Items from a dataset
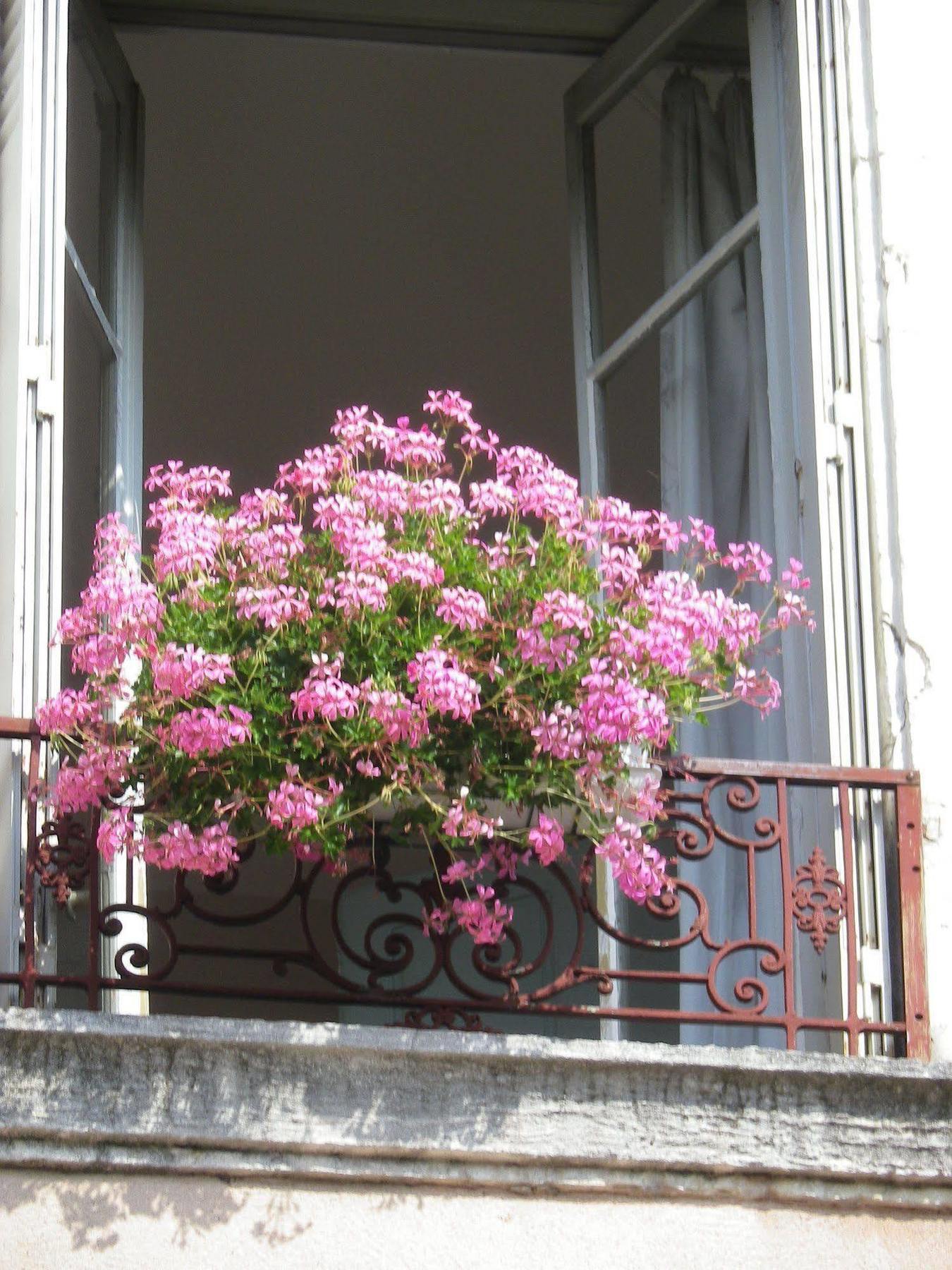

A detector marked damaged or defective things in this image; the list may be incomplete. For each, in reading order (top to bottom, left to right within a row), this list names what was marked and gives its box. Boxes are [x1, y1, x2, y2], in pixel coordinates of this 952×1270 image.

rusty red metal railing [0, 716, 934, 1061]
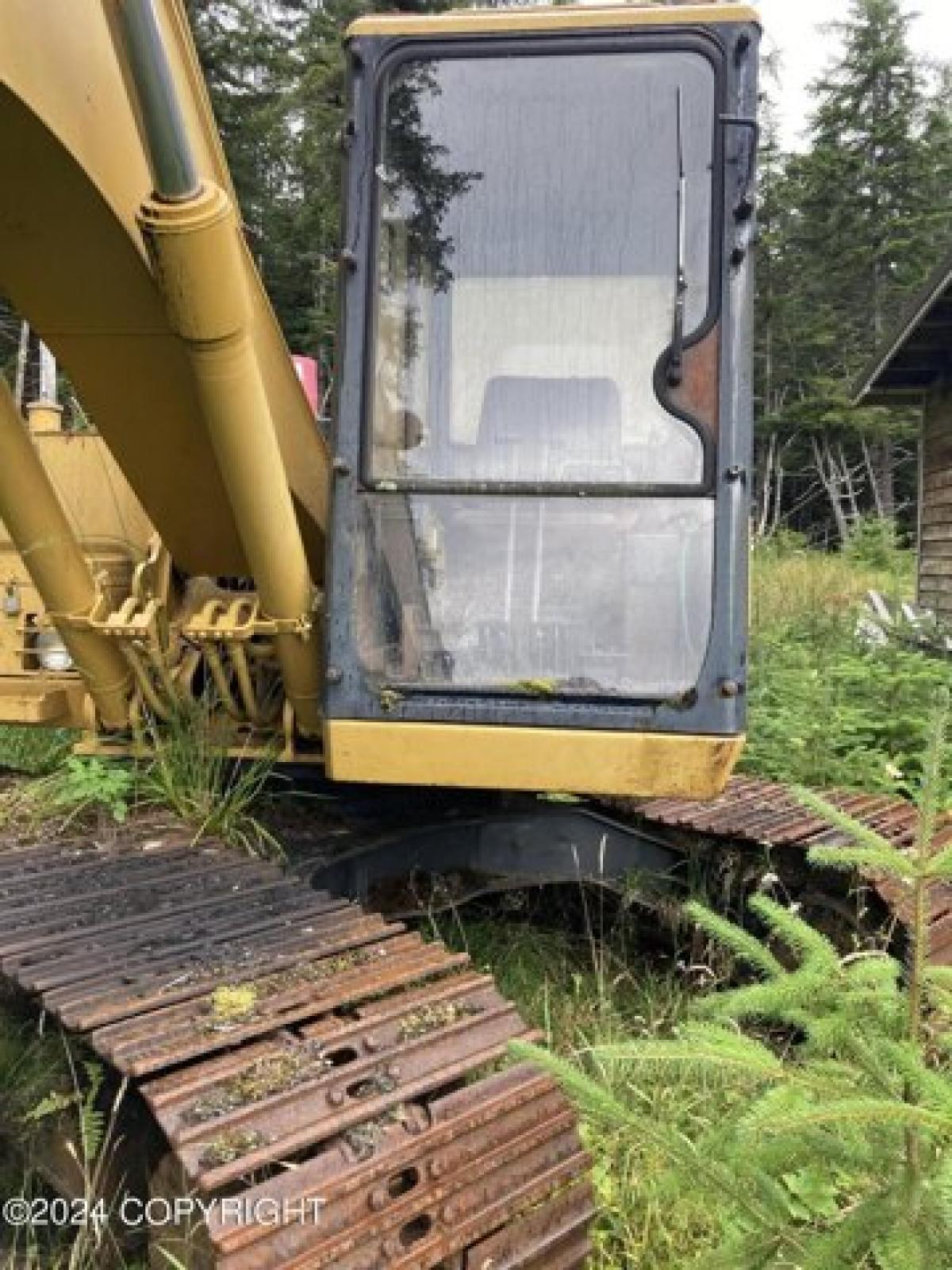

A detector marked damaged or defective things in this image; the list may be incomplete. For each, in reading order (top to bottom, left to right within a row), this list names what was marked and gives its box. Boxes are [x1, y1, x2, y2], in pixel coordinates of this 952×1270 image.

rusty track [0, 826, 590, 1264]
rusty track [635, 775, 952, 965]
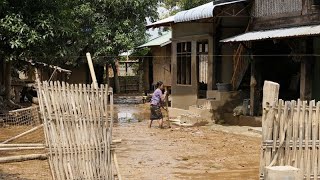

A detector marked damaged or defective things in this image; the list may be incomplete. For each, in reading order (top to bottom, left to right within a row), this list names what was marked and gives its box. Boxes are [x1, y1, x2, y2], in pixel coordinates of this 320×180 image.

rusty metal roof [221, 24, 320, 42]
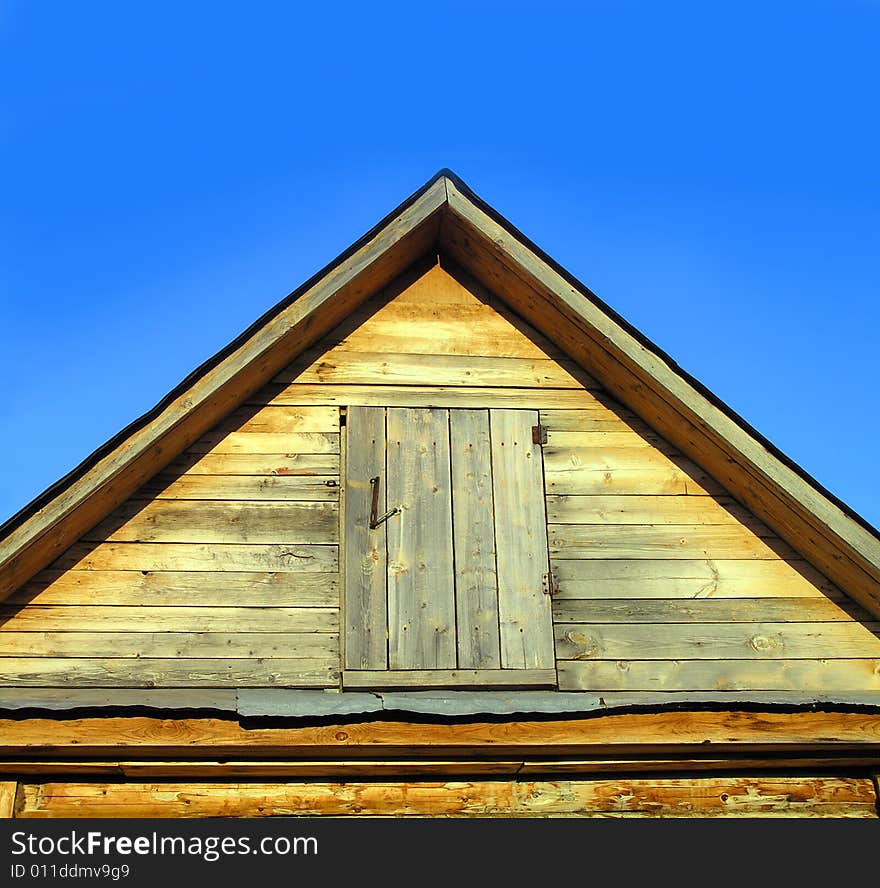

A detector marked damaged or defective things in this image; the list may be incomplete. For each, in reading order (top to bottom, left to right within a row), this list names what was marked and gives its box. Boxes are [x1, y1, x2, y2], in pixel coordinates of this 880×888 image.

rusty metal hinge [540, 572, 560, 600]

(What to do):
Output, and output only, the lines from the one containing "this 880×888 image." through the last line of the data above.

(Your solution):
A detector marked damaged or defective things in this image; the list may be incomplete. For each, in reading order (top to bottom, left to right within a row), this list names what was marked and gives its box. Boxes are [x1, y1, x2, y2], in pixel coordinates of this 880×888 image.

rusty metal hinge [540, 572, 560, 600]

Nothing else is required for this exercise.